Linklater, whose films are a diverse collection of honest romances – including the Before series – and experimental work, such as Boyhood, taps right into what makes Black so watchable, giving him immense space and opportunity to generate incredible momentum and believability in a character with a genuinely earned arc. The film was highly-praised on release, mostly for Black’s inspiring, manic performance, and became a huge box office hit. It also features a very honest and endearing lead character, one that deserves a closer look.

School of Rock
School of Rock, 2003 © Paramount Pictures

The story is pretty straight forward. After Finn gets kicked out of his rock band for his wild onstage tactics, he spends his days lazily loafing around the apartment in need of cash until he takes a call intended for his roommate. An elementary prep school is looking for a substitute teacher and so he concocts a scheme to secretly pretend to be his friend and get the job himself, looking for some easy cash. He ends up in charge of a class of talented musical kids whom he then decides should form their own band. Hurdles come in the curious and protective Rosalie “Roz” Mullins (Joan Cusack) and the students themselves, who aren’t quite sure what to make of their new unorthodox teacher. Eventually, he wins them over, teaching them through music and bonding with them through the spirit of Rock & Roll.

It’s mostly a family friendly movie that, if you’ll pardon the obvious expression, hits all the right notes with a mix of good, clean, comedy, romance, and great music. It never really strives for reality, instead, focusing, as it should, on the relationships between Finn and the kids, building trust and opening minds – on boths sides of the teacher’s desk. Sure, the students are awash in broad stereotypes, but which classroom isn’t? These are good child actors and all do convincing turns as they take to Finn’s seemingly ridiculous plans to help them break out of their structured lives and learn to rock out.

School of Rock
School of Rock, 2003 © Paramount Pictures

So what makes Finn so memorable … and dare I say … important? He’s a classic oaf at the start, a messy, self-absorbed loser who is untrustworthy, borish, and irresponsible, barely making it as human being. It’s the perfect character template for building a story of redemption, and yet, Linklater, working from a script by Mike White, is careful not to fall into the trappings of these tropes, never giving Finn the ‘makeover’ moment of sorts, or even the ‘ah-ha’ revelation that often defines many in the lot. Instead, Finn is sustained as a figure of evolution that actually reveals what was always there, waiting for the chance to find the proper personal expression.

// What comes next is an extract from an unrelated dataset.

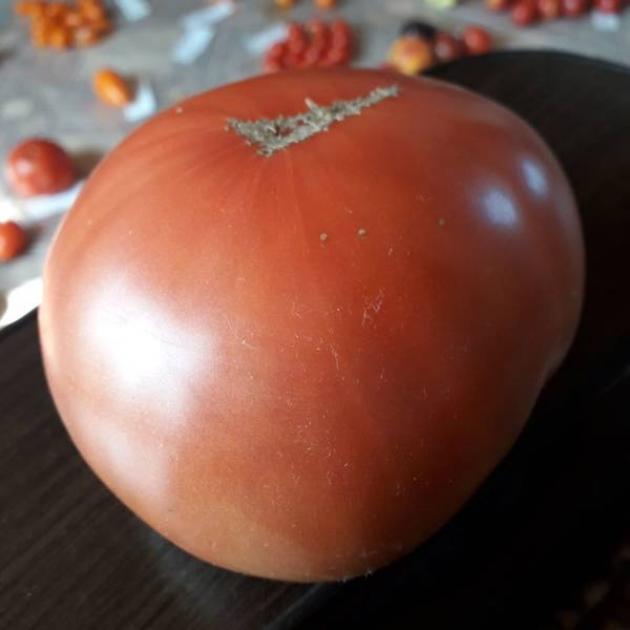 Томат Медвежий Ручей 4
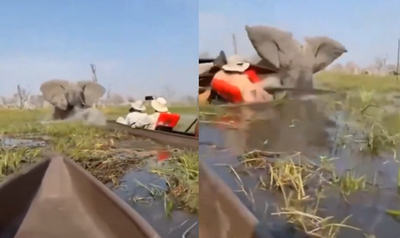 狂暴大象故意撞倒觀光船　女遊客遭「象鼻壓入水中」驚險畫面曝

Think about a moment midway through when he’s already got the kids hooked into the idea of creating a rock band for a local competition. These children have been raised on classical music and are well-trained in orchestral instruments, so Finn needs to show them what a real rocker is about. So, as he often does, he straps on an electric guitar and explains that Rock & Roll isn’t about doing things perfectly, asking the students to tell him what they think it’s really about. Now keep in mind these are elementary students and are only peripherally familiar with the music their teacher is talking about. However, they take some guesses, including scoring chicks and getting wasted, which Finn aggressively dismisses as missing the point. He finally gets the answer he wants from Leonard (Cole Hawkins), who correctly answers that it’s about stickin’ it to the man. Right. That nails it, but Finn reminds him that in music, you can’t just say that. You have to let the listeners feel it with your blood and guts.

School of Rock
School of Rock, 2003 © Paramount Pictures

He goes on to say that Rock breaks the rules, that one has to get mad at the man to make it work. To help them understand what that means, he urges the kids to direct some anger at him, as he, for the demonstration, will be “the man.” He challenges them to find the guts within themselves to tell him off, and so they comply, offering some sharp (and very funny) barbs, that are surprisingly personal. What’s great about this is how he accepts these criticisms – although Billy (Brian Falduto) strikes a little too closely with one of the funniest lines in the movie. Finn is a man who knows what he is, not proud of himself for that but entirely confident of his passion to move others through music. That’s a rare thing in movies, where the main character isn’t entirely redeemable, staying true to the core definitions of his infallibility, yet still able to turn things around. The film commits to this well, and even has some twists in the ending, finding a way to balance all this and stay very satisfying. 

That Finn would let these kids so readily belittle him is sort of setup like a joke, and indeed does earn some laughs, but what we as the audience take from it is really the larger message. Here’s a guy we accept as the ‘hero’ of the movie, who is, by this point, a person whom we should not like, and no one who should be in any educationally authoritative position with children. What we don’t expect though is that Finn agrees, and his sudden willingness to let the slings and arrows of criticism fly is a jarring moment that really makes us a little off balance at first. When the first student shouts at him, we tense, thinking that well, no way Finn’s going to take that, but instead, he not only welcomes it, but spins it around so that the child totally gets it. When the next blow comes, it’s a stinging shot, and again, Finn absorbs it, praising once again the intent. The thing we learn that makes Finn so remarkable is that Finn actually accepts who is he, something so few people do. In fact, it’s crippling to many who struggle to define themselves by social standards that constantly fluctuate. Finn doesn’t fit the norm, probably long knowing that he’s a figure on the fringe. When the shots come, they are no doubt, nothing he hasn’t heard before. That’s the thing we see in his face, that while he’s educating them on the power of standing up and breaking conformity, he’s numb to the things that would wholly set others back. Rock & Roll is about fighting back. Being strong … is about being yourself.

Finn is such a great character, a unique and challenging bundle of momentum that probably no one could have pulled off quite so well as Black. He’s basically playing himself, being a talented musician already, and there’s not much about Finn that seems remotely divisible from the actor. In many ways, his performance in High Fidelity feels like the origins of Finn, making it easy to pretend that they are the same character, where School of Rock is sort of the spin-off of the other. I like to think so.